= Extreme Model Railroad and Contemporary Architecture Museum =

Proposed museum showcasing model railroads and contemporary architecture

The Extreme Model Railroad and Contemporary Architecture Museum was a museum proposed for North Adams, Massachusetts that plans to display model trains running through a landscape of notable modern architecture. Architect Frank Gehry has contracted to design the new museum, which will be located a few blocks away from the MASS MoCA modern art museum.
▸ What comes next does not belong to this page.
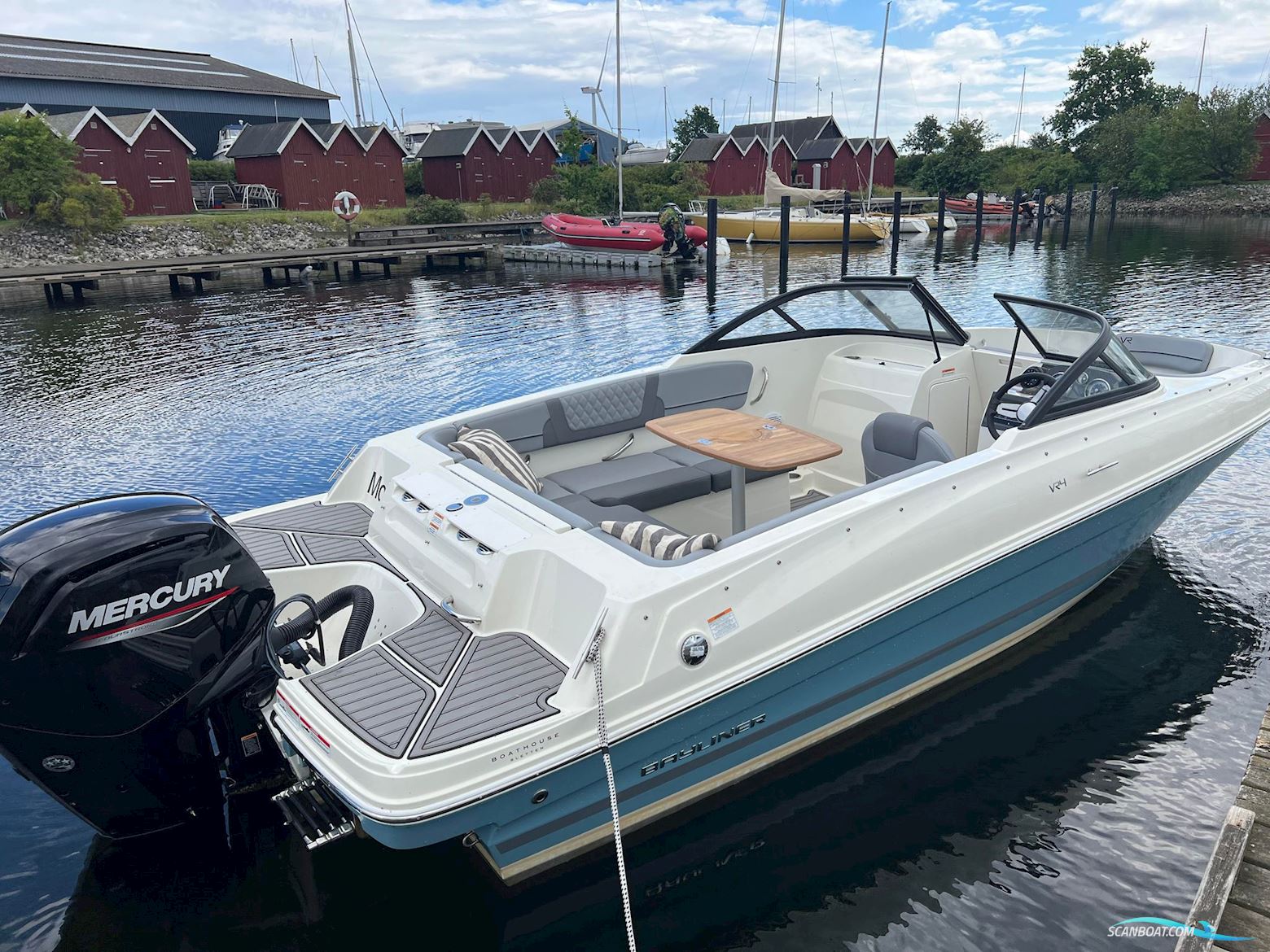 Bayliner VR4 OB Motorboten 2022, met Mercury  motor, Denemarken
Thomas Krens, former director of the Guggenheim Museum who oversaw the creation of the Gehry-designed Guggenheim Museum Bilbao and Guggenheim Abu Dhabi, and a Mass MoCA founder, is heading the creation of the new museum.

The plan calls for an 83,000-square-foot museum to be built at an estimated cost to $65 million, featuring model trains running continuously past scale-models of buildings by notable architects including Louis Sullivan, Frank Lloyd Wright, and Frank Gehry. It will be built on publicly owned land overlooking a disused rail freight yard; the proposed Museum holds an option to purchase the land. About half of the financing is projected to come from state and local government funds allocated to support the growth of tourism, and half from private donations of which $2.5 million had been raised by August 2017.

As of 2017 the projected opening date was 2020, but as of February 2022 the new projected opening date is 2025. As of January 2023 the project did not have a start date or funding finalized.